#### Problem to solve
Once the pictures are removed, restate the listing word for word.

#### Collected material
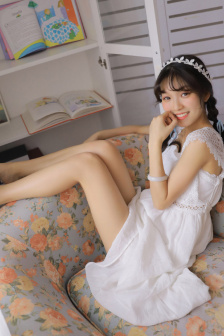 乳房小怎么变大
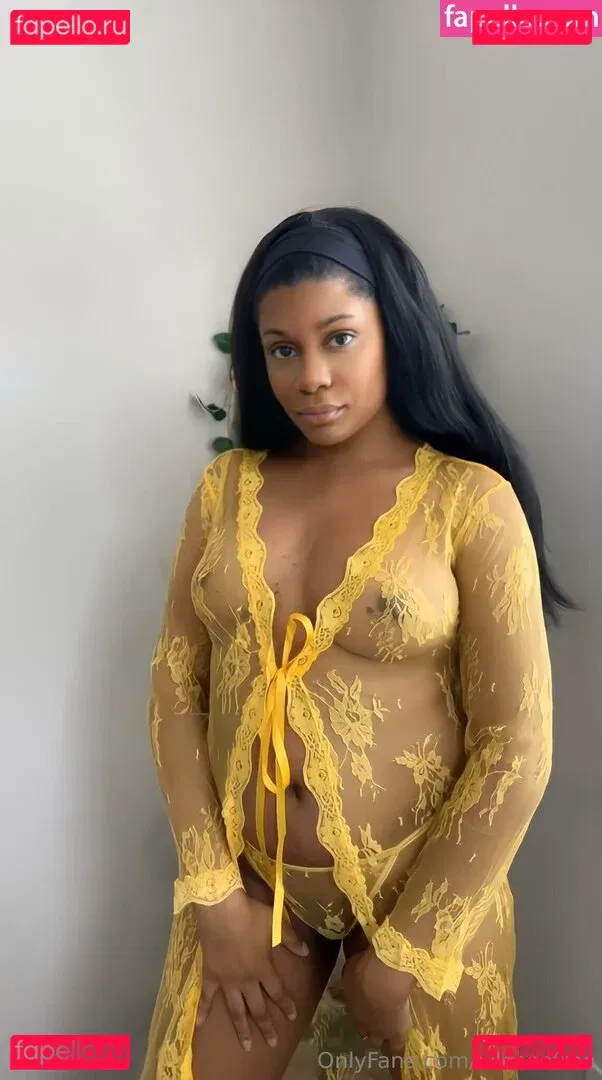 elleseefree Onlyfans Photo Gallery 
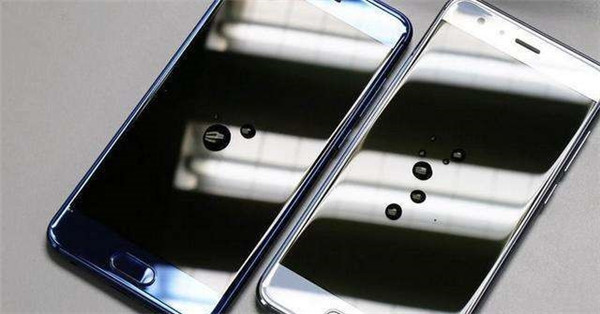 手机不贴膜会造成什么样的影响,手机长时间不贴膜会有什么后果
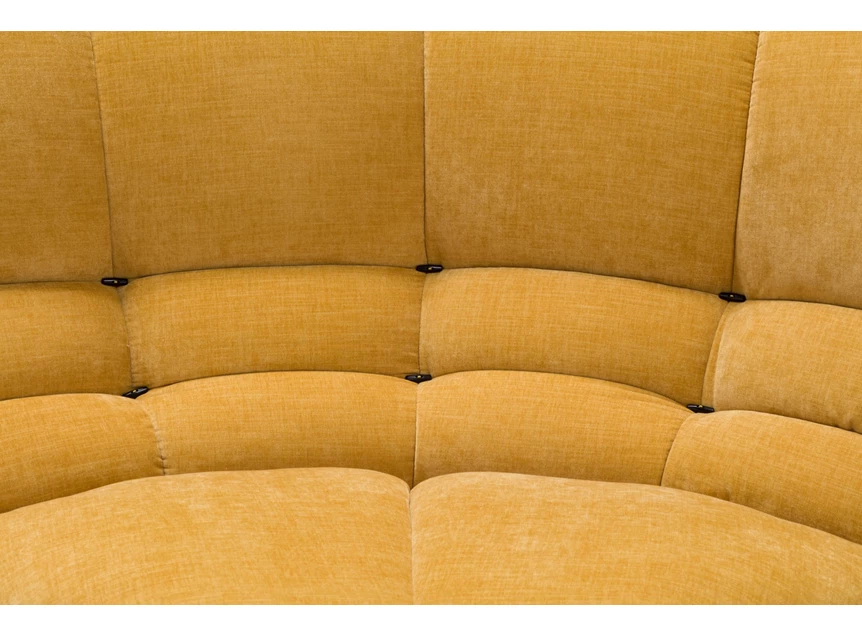 Detail stiksels Hoeksalon Formosa combi stof beige oker geel Franco Ferri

#### Expected answer
 乳房小怎么变大
 elleseefree Onlyfans Photo Gallery 
 手机不贴膜会造成什么样的影响,手机长时间不贴膜会有什么后果
 Detail stiksels Hoeksalon Formosa combi stof beige oker geel Franco Ferri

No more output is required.